- [WHAT NEEDS TO BE DONE] Please output the section of the listing below that opens with the line containing "Uline 3-Step Rolling Safety Ladder" and closes with the line containing "Perdido Off The Shoulder Midi Dress", exactly and with nothing else.

- [INPUT MATERIAL]
======

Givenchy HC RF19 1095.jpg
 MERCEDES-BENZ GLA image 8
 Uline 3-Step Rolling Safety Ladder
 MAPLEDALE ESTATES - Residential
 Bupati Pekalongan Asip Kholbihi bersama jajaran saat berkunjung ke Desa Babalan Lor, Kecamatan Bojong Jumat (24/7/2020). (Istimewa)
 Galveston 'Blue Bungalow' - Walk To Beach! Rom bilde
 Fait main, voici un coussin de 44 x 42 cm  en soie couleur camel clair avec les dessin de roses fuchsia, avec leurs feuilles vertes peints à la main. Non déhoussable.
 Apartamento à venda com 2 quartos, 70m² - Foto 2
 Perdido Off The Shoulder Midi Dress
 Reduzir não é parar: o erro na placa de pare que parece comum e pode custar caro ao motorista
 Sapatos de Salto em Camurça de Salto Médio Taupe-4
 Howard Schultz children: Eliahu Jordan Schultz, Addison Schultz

======

- [SOLUTION TO THE PROBLEM]
 Uline 3-Step Rolling Safety Ladder
 MAPLEDALE ESTATES - Residential
 Bupati Pekalongan Asip Kholbihi bersama jajaran saat berkunjung ke Desa Babalan Lor, Kecamatan Bojong Jumat (24/7/2020). (Istimewa)
 Galveston 'Blue Bungalow' - Walk To Beach! Rom bilde
 Fait main, voici un coussin de 44 x 42 cm  en soie couleur camel clair avec les dessin de roses fuchsia, avec leurs feuilles vertes peints à la main. Non déhoussable.
 Apartamento à venda com 2 quartos, 70m² - Foto 2
 Perdido Off The Shoulder Midi Dress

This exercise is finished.